Binary Attributes Double-base64 Encoded
The botocore client, called via _convert_to_request_dict, is performing another round of base64 encoding on binary fields. This is on top of the existing round of encoding done by the BinaryAttribute's serialize() method.
This is resulting in double base64 encoded values stored in Dynamo, which is why we have to undo one of the decodes via _convert_binary.
IOW, all binary data that has ever been persisted using the BinaryAttribute in any version of Pynamo is sitting double-base64-encoded in Dynamo somewhere.
There seems to be an interesting edge case: Using a BinaryAttribute as range key is causing it to get converted into a string attribute in DynamoDB, thus getting stored without the doubled bas64-encoding.
With version 4.2.0 this issue persists. Is this planned to be fixed or will this remain for compatibility?
I'm not aware of a "plan" for the next release.
@garrettheel Given we have this issue, do you see any reason not to move the existing behavior to a "legacy" attribute class for PynamoDB 5.x? (assuming someone will contribute this)
One easy (though probably dangerous) fix is to use a custom attribute to encode these values just as bytes:
class PickleAttribute(BinaryAttribute):
def serialize(self, value: Any) -> Any:
return pickle.dumps(value)
def deserialize(self, value: Any) -> Any:
return pickle.loads(value)
I think I am relying on botocore to base64 encode bytes, which could blow up if that behavior changes, but works for me for now.
Whoops, sorry for missing this one.
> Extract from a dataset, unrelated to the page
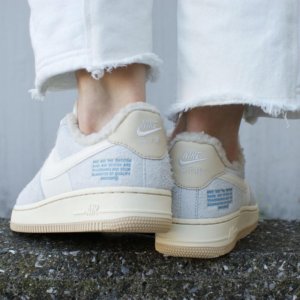 Giay Nike Air Force 1 Low '07 LV8 Sherpa Photon Dust DO7195-025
I'm a little wary of changing this in such a way that it would blow up without folks doing a data migration. My preference would be to allow folks to opt-in to the fix and mark the existing behavior as legacy (possibly with a deprecation warning).
We could possibly take an argument on attribute instantiation to control this, or create an entirely new attribute. My worry with renaming the existing attr to LegacyBinaryAttribute and reclaiming BinaryAttribute is that many wont read the release notes properly and this will break in a non-obvious way (and when it hits production).
What about creating a BinaryAttributeV2, leaving BinaryAttribute alone so existing users don't get broken by an upgrade, but mark it as deprecated and update the documentation to point people at BinaryAttributeV2?
Are there any plans to do something here? I want to compress a string and save it, but much of the compression is lost by base64 double-encoding...
This is addressed in the 6.0 branch (which I should really hurry up and release at this point...).
Awesome! Waiting for the release, thanks!
Hi @ikonst , is there any plan to release 6.0 to fix double encoding issue?
Yes, might try to get it done this coming long weekend
Hey @ikonst, I see the new release doesn't contain the fix with legacy_encoding, right? Am I missing something?
It's in the master branch. I've made that release off the 5.x branch.